It’s a tough nut to crack, but starting to become an achievable reality to companies dedicated to collecting, understanding and activating their data. Marketers are starting to turn towards data management platforms (DMP), which help them connect people with their various devices, develop granular audience segments, gain valuable insights and integrate with various platforms where they can activate that data. In addition to technology, marketers also have to configure their entire enterprises to align with the new data-driven realities on the ground.

The question is: Where do marketers turn for help with this challenging, enterprise-level transition?

Many argue that agencies cannot support the type of deep domain expertise needed for the complicated integrations, data science and modeling that has become an everyday issue in modern marketing. But should data management software selection and integration be the sole province of the Accentures and IBMs of the world, or is there room for agencies to play?

For lots of software companies, having an agency in between an advertiser and their marketing platform sounds like a problem to overcome, rather than a solution. Many ad tech sellers out there have lamented the process of the dreaded agency “lunch and learn” to develop a software capability “point of view” for a big client.

Yet, there are highly compelling ways agencies add value to the software selection process. The best agencies insert themselves into the data conversation and use their media and creative expertise to influence what DMPs marketers choose, as well as their role within the managed stack.

From Digital To Enterprise

It makes perfect sense that agencies are involved with data management. The first intersection of data and media added the “targeting” column to the digital RFP. Agencies have started to evolve beyond the Excel-based media planning process to start their plans with an audience persona that is developed in conjunction with their clients. Today, plans begin with audience data applied to as many channels as are reachable. Audience data has moved beyond digital to become universal.

Agencies have also been at the tip of the spear, both from an audience research standpoint (understanding where the most relevant audiences can be found across channels) and an activation standpoint (applying huge media budgets to supply partners). Since they are on the front lines of where media dollars are expressed, they often get the first practical look at where data impacts consumer engagement. During and after campaigns conclude, the agency also owns the analytics piece. How did this channel, partner and creative perform? Why?

Having formerly limited agencies to doing campaign development and execution, marketers are now turning to the collected expertise of their agency media and analytics teams and asking them to embed the culture of audience data into their larger organization. When it’s time to select the DMP—the internal machine that will drive the people-based marketing enterprise—the agency is naturally called upon.

Data Management Is About Ownership

Although a small portion of innovative marketers have begun leveraging DMP technology and taken media execution “in-house,” the vast majority stills relies on agencies and ad tech platform partners to operate their stacks through a managed services approach. Whether a marketer should own the capability to manage its own ad technology stack is a matter of choice, but data ownership shouldn’t be. Brands may not want to own the process of applying audience data to cross-channel media, but they absolutely must own their data.

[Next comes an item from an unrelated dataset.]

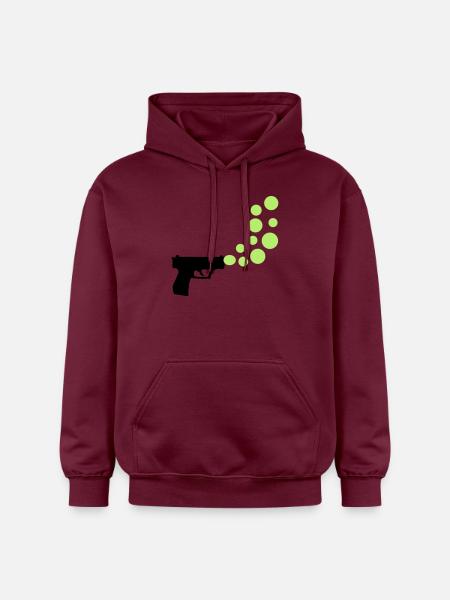 bubble gun - Sweat à capuche Softstyle® Gildan Unisexe - maroon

Where Agencies Play in Data Management

The Initial Approach: Most agencies have experience leveraging marketers’ first-party data through retargeting on display advertising. In an initial DMP engagement, marketers will rely on their agencies to build effective audience personas, map those to available attributes that exist within the marketer’s taxonomy and apply the segments to existing addressable channels. Marketers can and should rely on past campaign insights, attribution reports and other data insights from their agencies when test-driving DMPs.

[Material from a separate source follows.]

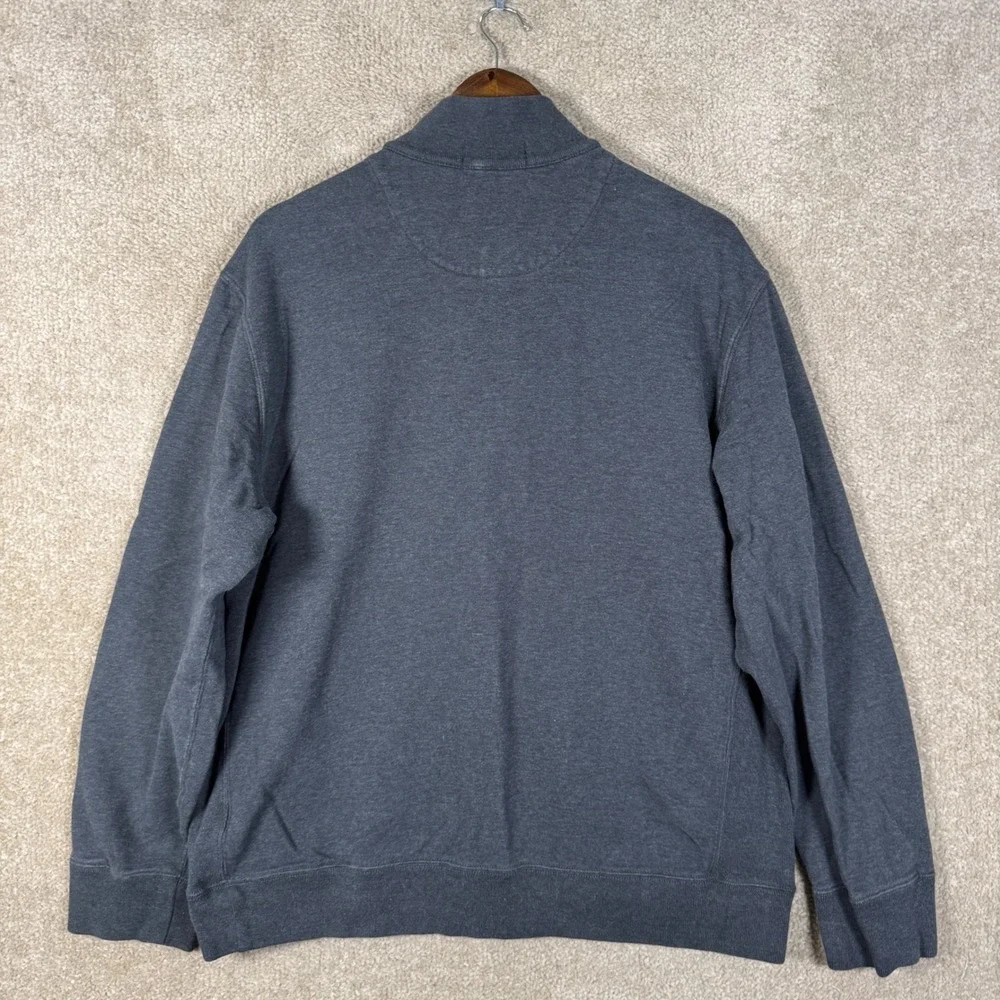 Polo Ralph Lauren Quarter Zip Pullover Mens XL Gray Alpaca Blend Pocket Sweater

Connect the Dots: For most marketers, agencies have been the de-facto connector of their diverse systems. Media teams operate display, video and mobile DSPs, ad serving platforms, and attribution tools. Helping a marketer and their DMP partner tie these execution platforms together, understand audience data, and the performance data generated from campaigns is a critical part of a successful DMP implementation.

Operator: Last, but not least, is the agency as operator of the DMP. Marketers want their data safely protected in their own DMP, with strong governance rules around how first-party data is shared. They also need a hub for utilizing third-party data and integrating it with various execution and analytics platforms. Marketers may not want to operate the DMP themselves, though. Agencies can win by helping marketers wring the most value from their platforms.

Marketers have strong expertise in their products, markets and customer base – and should focus on their core strengths to grow. Agencies are great at finding audiences, building compelling creative and applying marketing investment dollars across channels, but are not necessarily the right stewards of others’ data.

Future success for agencies will come from helping marketers implement their data management strategy, align their data with their existing technology stack and return insights that drive ongoing results.

[This post originally appeared in AdExchanger on 2.2.15]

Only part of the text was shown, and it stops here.